Implementing a Concurrent-Safe In-Memory Data Aggregation Engine in Go to Replace a Pandas-based API

Backend Development

Word Count: 3.1k

Read Times: 19 Min

The service dashboard was a sea of red. A core analytics API, responsible for dynamically slicing and dicing a moderately-sized dataset for a real-time front end, was buckling. P99 latencies were in the seconds, and the Kubernetes pod was constantly being OOMKilled and restarted. The culprit was a Python service built with FastAPI and Pandas. On paper, it was the right toolset: fast to develop and expressive. In production, under a load of a few hundred concurrent requests, it was a disaster. The Global Interpreter Lock (GIL) was serializing requests that were CPU-bound during data aggregation, and Pandas’ memory model, with its tendency to create data copies during filtering and grouping operations, was consuming gigabytes of memory for a dataset that was only a few hundred megabytes on disk.

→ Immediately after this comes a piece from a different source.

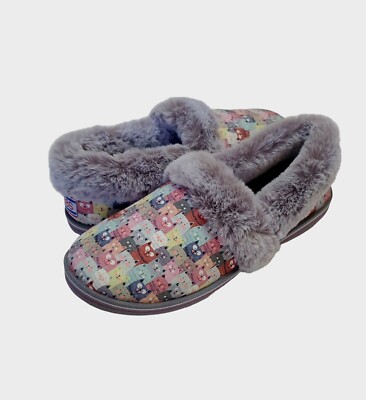 Women's BOBS  Skechers Too Cozy Pooch Parade Slipper Gray Multi Size 8.5 NWOB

The initial quick fix—throwing more memory and CPU at the pods—was a costly band-aid. The core problem remained: the architecture was not suited for high-concurrency, read-heavy analytical workloads on a shared, in-memory dataset. The decision was made to rewrite the service in Go. The appeal was obvious: true parallelism with goroutines, a strict type system, and direct control over memory layout and allocation. The challenge, however, was significant. Go lacks a direct equivalent to the rich, high-level API of Pandas. We would need to build a specialized, in-memory data aggregation engine from the ground up, designed specifically for our use case.

This is the build log of that effort—moving from a failing Python/Pandas implementation to a high-performance Go service capable of handling thousands of concurrent aggregation queries with predictable, low-latency performance.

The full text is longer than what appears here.